TASK DETAILS:
Print the whole listing exactly as it appears, but skip the pictures.

DATA IN THIS EXERCISE:
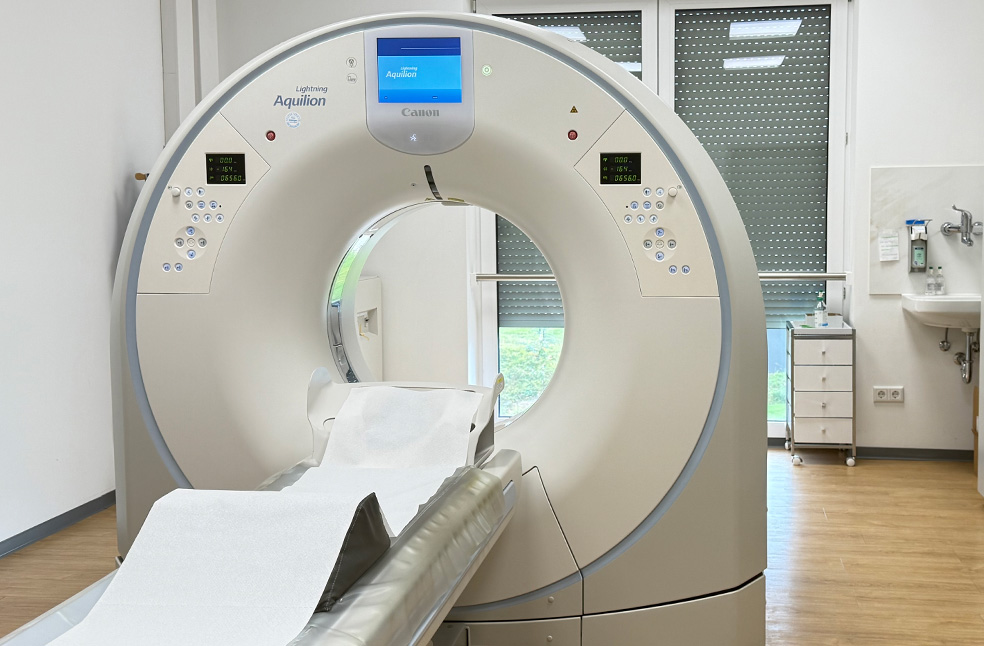 Radiologische Gemeinschaftspraxis (BAG) Großwallstadt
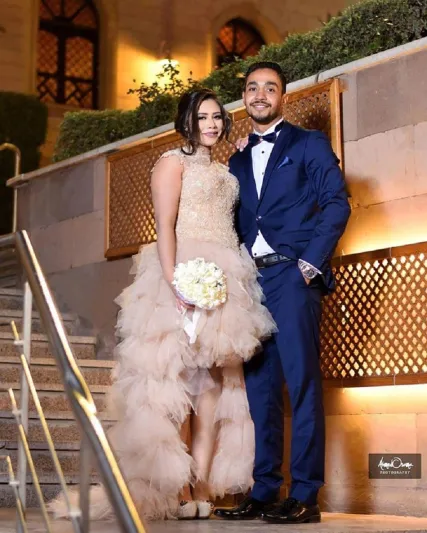 خطبة شبيهة شيرين عبد الوهاب تشعل الإنترنت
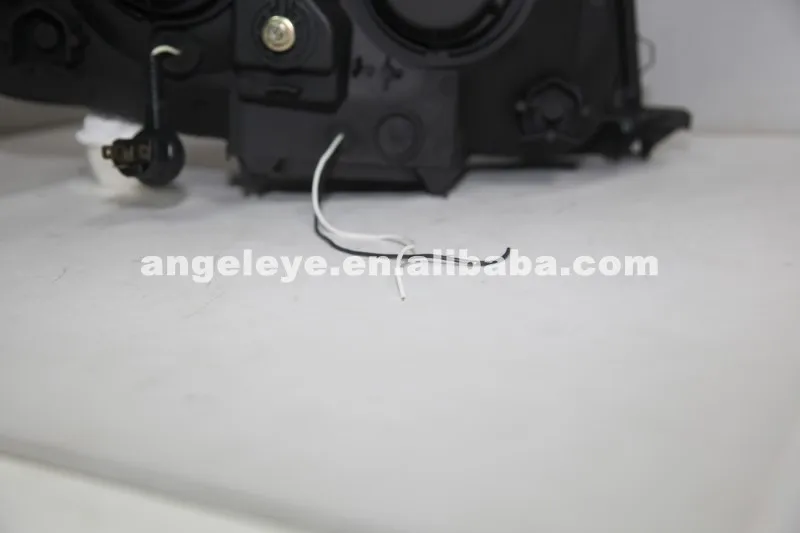 Для Toyota Land cruiser LC100 4700 FJ100 2006 2007 года светодиодный ные фары передняя фара черный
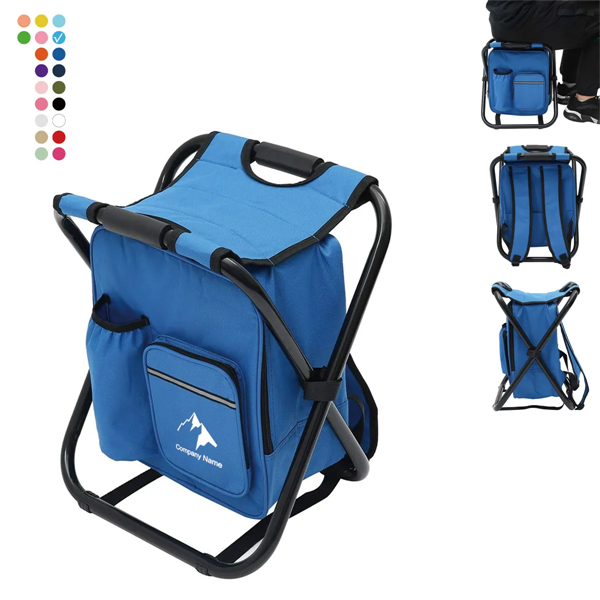 Portable Backpack Cooler Chair - Portable Backpack Cooler Chair - Image 0 of 5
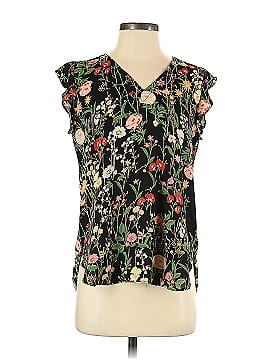 Ann Taylor LOFT Short Sleeve Blouse (view 1)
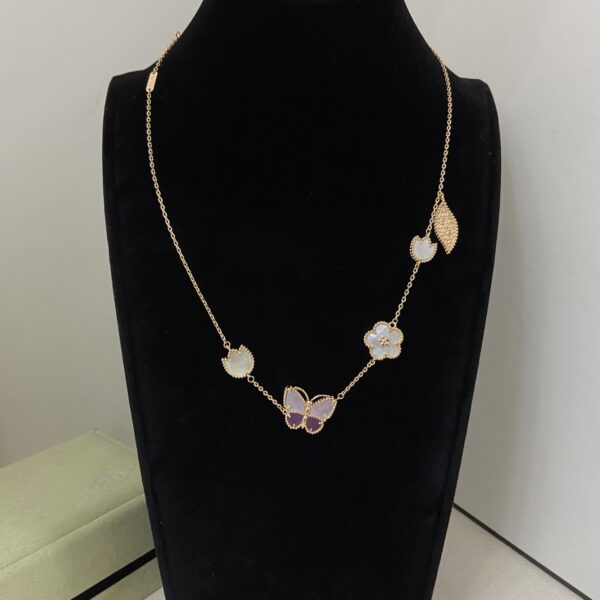 Charm Pendant Necklace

SOLVED PROBLEM:
 Radiologische Gemeinschaftspraxis (BAG) Großwallstadt
 خطبة شبيهة شيرين عبد الوهاب تشعل الإنترنت
 Для Toyota Land cruiser LC100 4700 FJ100 2006 2007 года светодиодный ные фары передняя фара черный
 Portable Backpack Cooler Chair - Portable Backpack Cooler Chair - Image 0 of 5
 Ann Taylor LOFT Short Sleeve Blouse (view 1)
 Charm Pendant Necklace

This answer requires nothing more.